Communities and lawmakers raise environmental, economic concerns

By LIA ZHU in San Francisco | China Daily | Updated: 2026-06-20 07:07

Opposition to data centers in the United States has surged in recent months, evolving from neighborhood resistance to a policy fight over land use, electricity costs and water access.

The backlash is spreading from city halls to state legislatures as communities confront the physical footprint of the AI boom across the country. Data centers, which house the computing systems needed to train and run AI models, are essential to expanding the technology.

They also require enormous amounts of resources, like electricity, land and water. The surging demands are increasingly colliding with local concerns about utility bills, the environment, farmland, quality of life and community control.

The latest example is Monterey Park, California, where residents overwhelmingly voted earlier this month to permanently prohibit large-scale data centers citywide. It became the first US city to enact such a ban.

Also this month, New York state legislators passed a one-year moratorium on new hyperscale data centers, giving the state time to study how such facilities can affect infrastructure, the environment and the economy.

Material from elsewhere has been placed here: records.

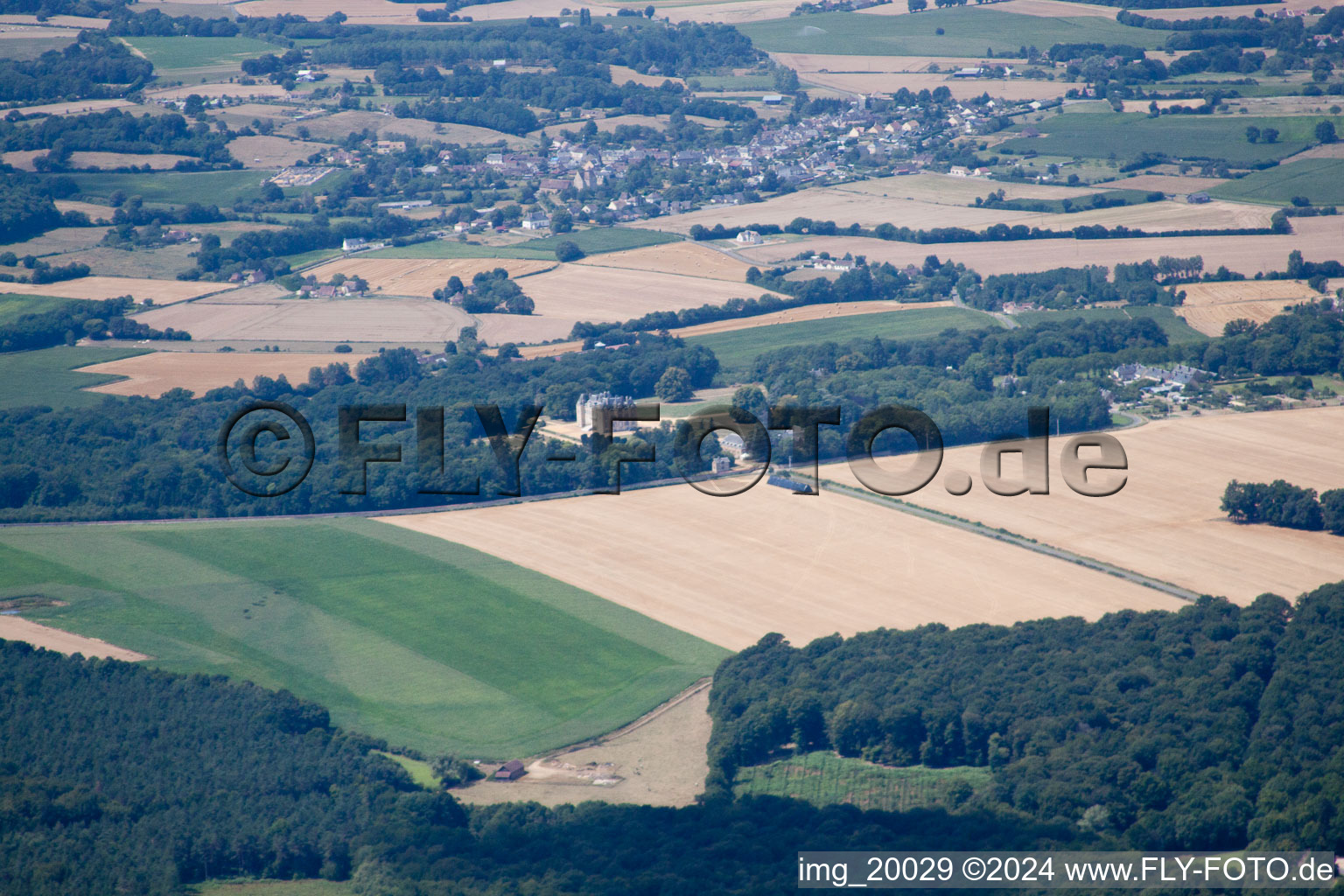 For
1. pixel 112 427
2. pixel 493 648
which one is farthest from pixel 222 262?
pixel 493 648

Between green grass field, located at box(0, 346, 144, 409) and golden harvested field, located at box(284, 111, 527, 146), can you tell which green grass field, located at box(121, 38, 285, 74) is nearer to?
golden harvested field, located at box(284, 111, 527, 146)

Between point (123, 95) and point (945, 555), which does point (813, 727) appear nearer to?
point (945, 555)

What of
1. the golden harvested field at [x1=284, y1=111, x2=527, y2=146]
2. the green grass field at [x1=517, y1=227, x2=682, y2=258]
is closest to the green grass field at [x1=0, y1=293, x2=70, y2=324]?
the green grass field at [x1=517, y1=227, x2=682, y2=258]

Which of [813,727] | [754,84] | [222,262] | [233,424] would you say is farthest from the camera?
[754,84]

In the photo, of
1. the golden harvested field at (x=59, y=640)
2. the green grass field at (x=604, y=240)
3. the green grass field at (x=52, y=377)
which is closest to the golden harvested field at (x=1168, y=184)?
the green grass field at (x=604, y=240)

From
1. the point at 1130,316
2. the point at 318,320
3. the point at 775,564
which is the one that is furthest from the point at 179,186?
→ the point at 775,564

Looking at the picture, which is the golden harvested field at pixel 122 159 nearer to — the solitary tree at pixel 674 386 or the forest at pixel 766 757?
the solitary tree at pixel 674 386

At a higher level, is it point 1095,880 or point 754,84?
point 754,84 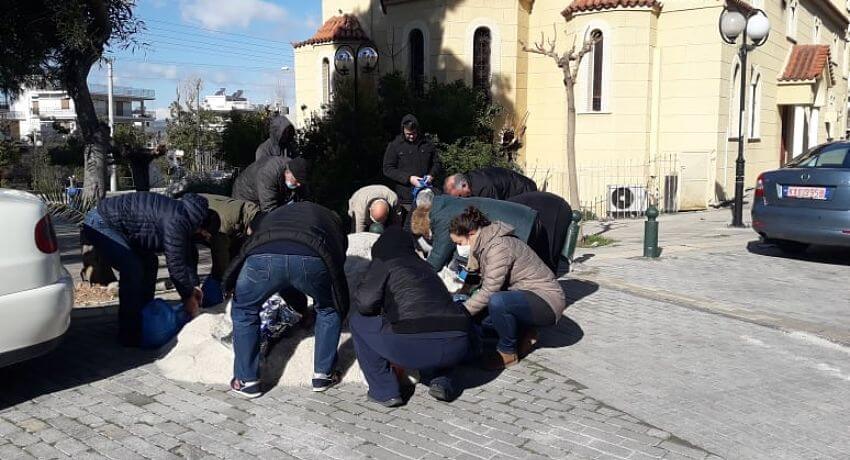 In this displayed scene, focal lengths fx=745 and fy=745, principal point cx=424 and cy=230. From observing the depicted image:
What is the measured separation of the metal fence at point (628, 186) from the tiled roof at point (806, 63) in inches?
332

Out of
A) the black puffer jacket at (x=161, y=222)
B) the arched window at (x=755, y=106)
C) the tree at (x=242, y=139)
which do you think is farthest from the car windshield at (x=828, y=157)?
the arched window at (x=755, y=106)

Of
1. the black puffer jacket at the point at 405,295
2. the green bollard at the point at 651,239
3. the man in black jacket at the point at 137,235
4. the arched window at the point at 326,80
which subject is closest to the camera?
the black puffer jacket at the point at 405,295

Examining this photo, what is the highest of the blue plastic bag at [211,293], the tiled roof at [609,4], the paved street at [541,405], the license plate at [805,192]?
the tiled roof at [609,4]

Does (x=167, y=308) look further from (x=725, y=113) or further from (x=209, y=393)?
(x=725, y=113)

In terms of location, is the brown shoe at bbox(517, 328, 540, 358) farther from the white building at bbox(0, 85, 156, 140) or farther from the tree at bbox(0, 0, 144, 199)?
the white building at bbox(0, 85, 156, 140)

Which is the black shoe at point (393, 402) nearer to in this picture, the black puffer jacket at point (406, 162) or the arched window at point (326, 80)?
the black puffer jacket at point (406, 162)

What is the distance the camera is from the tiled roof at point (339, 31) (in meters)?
23.1

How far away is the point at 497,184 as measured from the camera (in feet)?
25.8

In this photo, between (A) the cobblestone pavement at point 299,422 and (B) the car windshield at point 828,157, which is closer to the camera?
(A) the cobblestone pavement at point 299,422

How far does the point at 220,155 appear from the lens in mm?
18500

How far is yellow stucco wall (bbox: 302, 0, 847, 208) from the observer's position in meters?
18.4

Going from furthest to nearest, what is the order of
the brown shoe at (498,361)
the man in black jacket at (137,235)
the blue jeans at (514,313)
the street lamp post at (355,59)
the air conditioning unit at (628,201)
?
the air conditioning unit at (628,201) < the street lamp post at (355,59) < the man in black jacket at (137,235) < the brown shoe at (498,361) < the blue jeans at (514,313)

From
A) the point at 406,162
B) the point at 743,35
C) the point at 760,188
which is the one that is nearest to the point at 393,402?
the point at 406,162

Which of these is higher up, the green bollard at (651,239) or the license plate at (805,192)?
the license plate at (805,192) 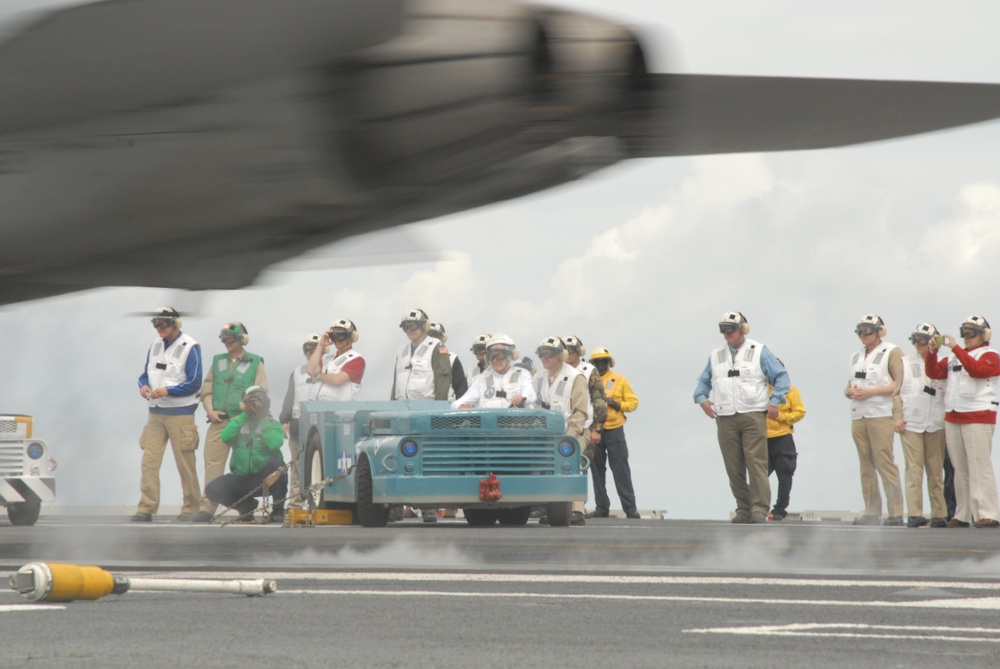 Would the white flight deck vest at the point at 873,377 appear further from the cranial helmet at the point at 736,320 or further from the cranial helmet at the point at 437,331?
the cranial helmet at the point at 437,331

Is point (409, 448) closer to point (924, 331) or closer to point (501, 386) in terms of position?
point (501, 386)

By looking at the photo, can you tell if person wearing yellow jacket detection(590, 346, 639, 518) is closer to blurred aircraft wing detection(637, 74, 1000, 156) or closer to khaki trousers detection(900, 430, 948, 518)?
khaki trousers detection(900, 430, 948, 518)

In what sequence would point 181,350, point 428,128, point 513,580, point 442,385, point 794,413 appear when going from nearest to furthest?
1. point 428,128
2. point 181,350
3. point 513,580
4. point 442,385
5. point 794,413

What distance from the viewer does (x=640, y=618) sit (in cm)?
632

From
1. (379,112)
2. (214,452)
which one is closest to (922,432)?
(214,452)

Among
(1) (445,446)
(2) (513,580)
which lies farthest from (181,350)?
(1) (445,446)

Those moves reflect a national trend. Local governments across the country have approved moratoriums or restrictions aimed at slowing or blocking new data center construction. In April, Port Washington, Wisconsin, voted overwhelmingly to restrict future data centers in what was reported as a first-of-its-kind referendum in the country. Other communities in Connecticut, Missouri and Maine have also enacted their own moratoriums or bans.

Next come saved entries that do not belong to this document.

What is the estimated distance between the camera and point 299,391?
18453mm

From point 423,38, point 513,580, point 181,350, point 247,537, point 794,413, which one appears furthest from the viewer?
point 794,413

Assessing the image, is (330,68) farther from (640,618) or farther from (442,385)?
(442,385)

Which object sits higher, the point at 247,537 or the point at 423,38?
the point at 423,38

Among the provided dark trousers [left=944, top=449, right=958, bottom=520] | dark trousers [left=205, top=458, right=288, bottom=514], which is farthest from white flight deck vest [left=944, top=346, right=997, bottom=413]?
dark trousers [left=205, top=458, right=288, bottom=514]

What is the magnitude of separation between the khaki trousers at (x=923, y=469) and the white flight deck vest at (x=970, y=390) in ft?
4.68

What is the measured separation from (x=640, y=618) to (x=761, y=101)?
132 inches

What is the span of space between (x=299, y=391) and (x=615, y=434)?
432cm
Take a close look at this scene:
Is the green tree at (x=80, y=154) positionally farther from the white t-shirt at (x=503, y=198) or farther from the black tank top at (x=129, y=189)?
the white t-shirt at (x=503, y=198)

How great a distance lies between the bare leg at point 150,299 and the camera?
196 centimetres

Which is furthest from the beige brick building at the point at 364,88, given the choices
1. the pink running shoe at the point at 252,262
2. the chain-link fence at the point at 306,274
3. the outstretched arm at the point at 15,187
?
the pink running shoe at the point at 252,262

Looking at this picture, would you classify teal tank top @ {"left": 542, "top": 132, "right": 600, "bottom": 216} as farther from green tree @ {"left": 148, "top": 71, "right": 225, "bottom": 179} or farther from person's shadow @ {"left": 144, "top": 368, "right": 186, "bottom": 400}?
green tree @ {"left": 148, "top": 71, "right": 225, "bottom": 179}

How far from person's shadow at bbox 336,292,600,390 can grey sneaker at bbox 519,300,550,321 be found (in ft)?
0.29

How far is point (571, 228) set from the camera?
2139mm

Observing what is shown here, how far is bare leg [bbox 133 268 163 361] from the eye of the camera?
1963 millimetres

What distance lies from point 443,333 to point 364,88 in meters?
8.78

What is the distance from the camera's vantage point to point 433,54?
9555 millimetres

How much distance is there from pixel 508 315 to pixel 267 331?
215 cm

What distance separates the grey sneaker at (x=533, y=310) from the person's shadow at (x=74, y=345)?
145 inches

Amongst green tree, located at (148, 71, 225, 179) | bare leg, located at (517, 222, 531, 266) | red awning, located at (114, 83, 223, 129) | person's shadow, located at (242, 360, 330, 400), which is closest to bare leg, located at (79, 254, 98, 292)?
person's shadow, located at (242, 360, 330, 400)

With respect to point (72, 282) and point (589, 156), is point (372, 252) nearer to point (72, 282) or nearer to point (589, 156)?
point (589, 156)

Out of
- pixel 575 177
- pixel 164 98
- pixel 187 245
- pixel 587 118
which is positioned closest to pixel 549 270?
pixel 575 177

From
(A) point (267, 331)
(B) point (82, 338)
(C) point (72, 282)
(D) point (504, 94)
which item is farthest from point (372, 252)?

As of June, 14 states have considered or are considering moratoriums on data centers, according to a blog post by the Rockefeller Institute of Government.

The resistance comes amid a large and rapidly expanding US data center industry. There are currently 4,378 data centers listed across the country, according to Data Center Map, an industry tracker. Virginia has the largest concentration, with 631 listed data centers, followed by Texas with 464 and California with 287.

The number of data centers has expanded quickly in recent years as AI developers race to build computing infrastructure. Supporters argue that the projects can benefit communities by creating jobs, increasing property tax revenue and supporting future business opportunities. They also say the infrastructure is necessary if the US wants to remain a global AI leader.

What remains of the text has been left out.